◆ Problem to work on ◆
The lines to reproduce run from the first one below to the line containing "Wavy Threads Trendy", both included. Reproduce them exactly and nothing else.
_____
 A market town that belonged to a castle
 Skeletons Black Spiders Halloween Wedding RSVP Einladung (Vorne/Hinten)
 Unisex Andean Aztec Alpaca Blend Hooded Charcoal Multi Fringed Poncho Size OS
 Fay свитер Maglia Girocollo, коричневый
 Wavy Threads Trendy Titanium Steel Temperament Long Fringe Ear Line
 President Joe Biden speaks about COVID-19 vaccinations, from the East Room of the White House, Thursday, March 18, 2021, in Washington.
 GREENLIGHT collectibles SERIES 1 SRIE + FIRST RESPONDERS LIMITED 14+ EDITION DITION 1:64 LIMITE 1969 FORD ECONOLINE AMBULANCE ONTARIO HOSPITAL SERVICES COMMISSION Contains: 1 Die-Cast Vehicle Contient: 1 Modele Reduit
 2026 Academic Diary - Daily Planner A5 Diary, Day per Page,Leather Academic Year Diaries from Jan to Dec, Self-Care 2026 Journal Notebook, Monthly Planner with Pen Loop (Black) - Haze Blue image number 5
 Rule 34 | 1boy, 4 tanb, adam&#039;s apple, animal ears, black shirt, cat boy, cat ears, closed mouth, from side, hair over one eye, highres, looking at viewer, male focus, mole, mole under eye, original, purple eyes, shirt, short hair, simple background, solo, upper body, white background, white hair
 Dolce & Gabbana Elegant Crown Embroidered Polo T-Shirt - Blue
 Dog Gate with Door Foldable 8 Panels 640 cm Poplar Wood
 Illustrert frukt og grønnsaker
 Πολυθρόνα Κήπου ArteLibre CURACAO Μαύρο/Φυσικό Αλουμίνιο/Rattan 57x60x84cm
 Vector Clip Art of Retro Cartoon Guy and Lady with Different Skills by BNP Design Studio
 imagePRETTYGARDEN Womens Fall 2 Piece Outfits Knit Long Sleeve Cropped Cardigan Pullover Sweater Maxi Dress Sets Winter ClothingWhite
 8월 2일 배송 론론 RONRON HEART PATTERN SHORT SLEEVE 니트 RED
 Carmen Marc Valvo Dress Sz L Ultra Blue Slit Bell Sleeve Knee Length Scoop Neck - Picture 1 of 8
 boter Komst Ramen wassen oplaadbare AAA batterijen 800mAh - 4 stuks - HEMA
_____
◆ The completed task ◆
 A market town that belonged to a castle
 Skeletons Black Spiders Halloween Wedding RSVP Einladung (Vorne/Hinten)
 Unisex Andean Aztec Alpaca Blend Hooded Charcoal Multi Fringed Poncho Size OS
 Fay свитер Maglia Girocollo, коричневый
 Wavy Threads Trendy Titanium Steel Temperament Long Fringe Ear Line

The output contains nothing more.